- _YOUR INSTRUCTIONS_
Using the records below, return exactly the lines from the one containing "Bekbek Makes UV" through the last, and omit pictures.

[DATASET CONTENT — start]

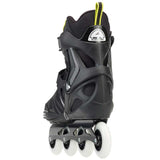 Black inline skate with white wheels viewed from the back on a white background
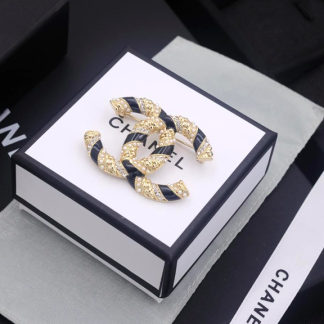 Chanel Black and White Pearl Strass Brooch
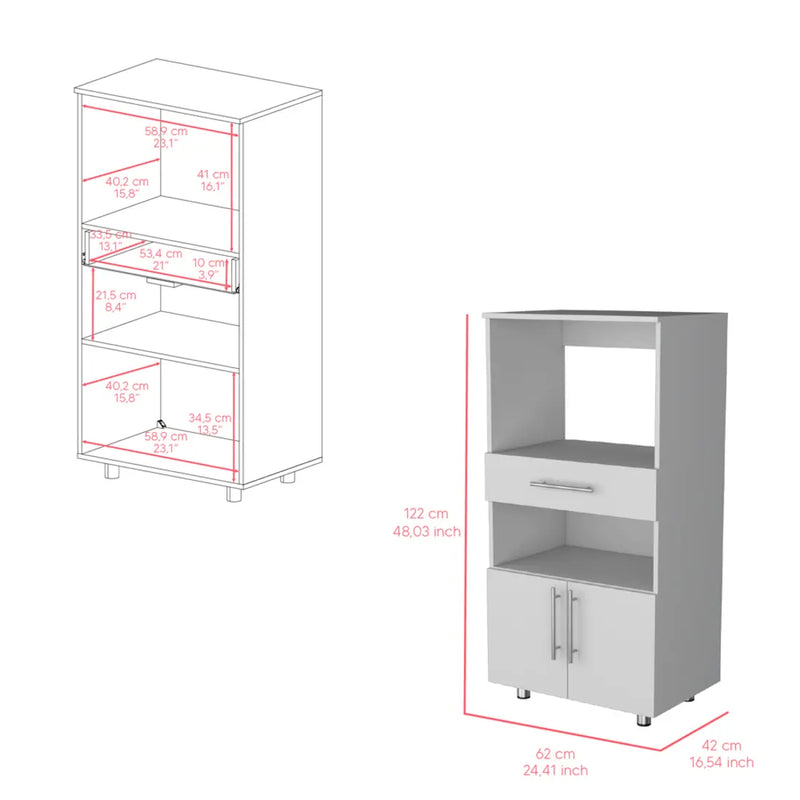 48" White Wood Pantry Or Storage Closet - GreatEagleInc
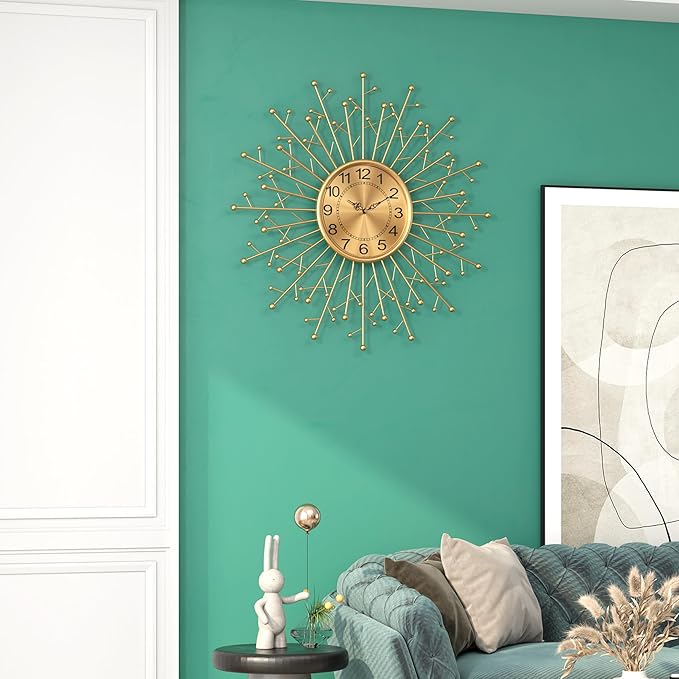 Large Modern Gold Wall Clock Decorative Mid Century Sunburst Branch Wall Clocks, Minimalism Metal Silent Clock, Luxury Home Gift Decor for Living Room, Bedroom, Dining Room, 24 inch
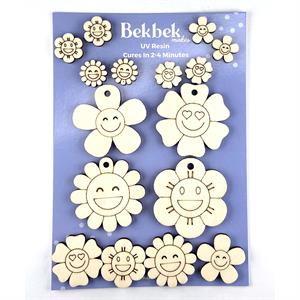 Bekbek Makes UV Resin - Happy Hippy Wooden Flowers Card and Jewellery Blanks - 802745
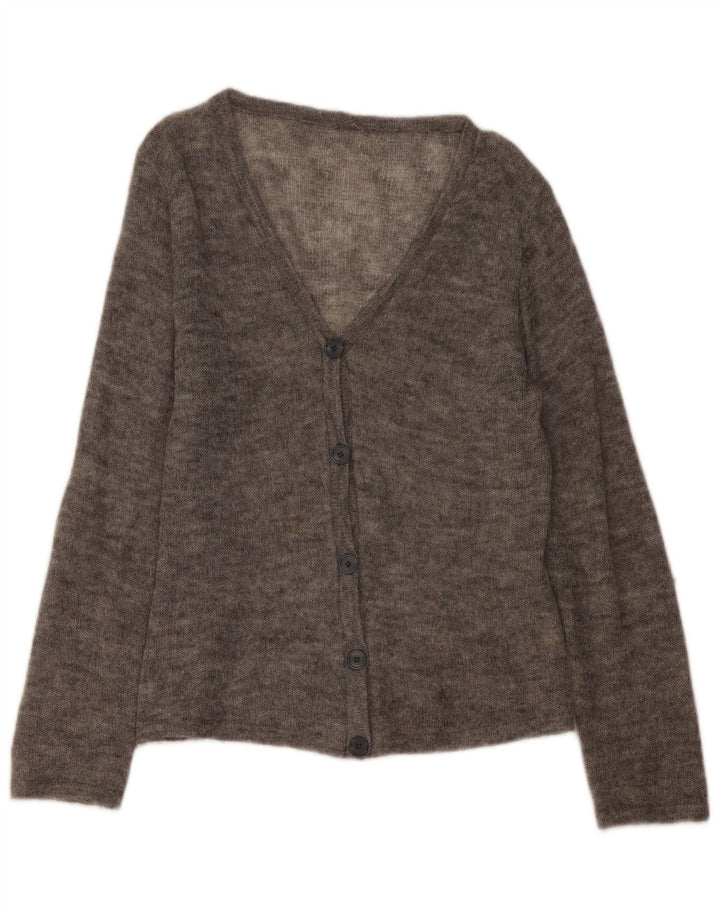 Vintage dame cardigan sweater UK 16 Large Grå Flecked Elastan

[DATASET CONTENT — finish]

- _RESULT_
 Bekbek Makes UV Resin - Happy Hippy Wooden Flowers Card and Jewellery Blanks - 802745
 Vintage dame cardigan sweater UK 16 Large Grå Flecked Elastan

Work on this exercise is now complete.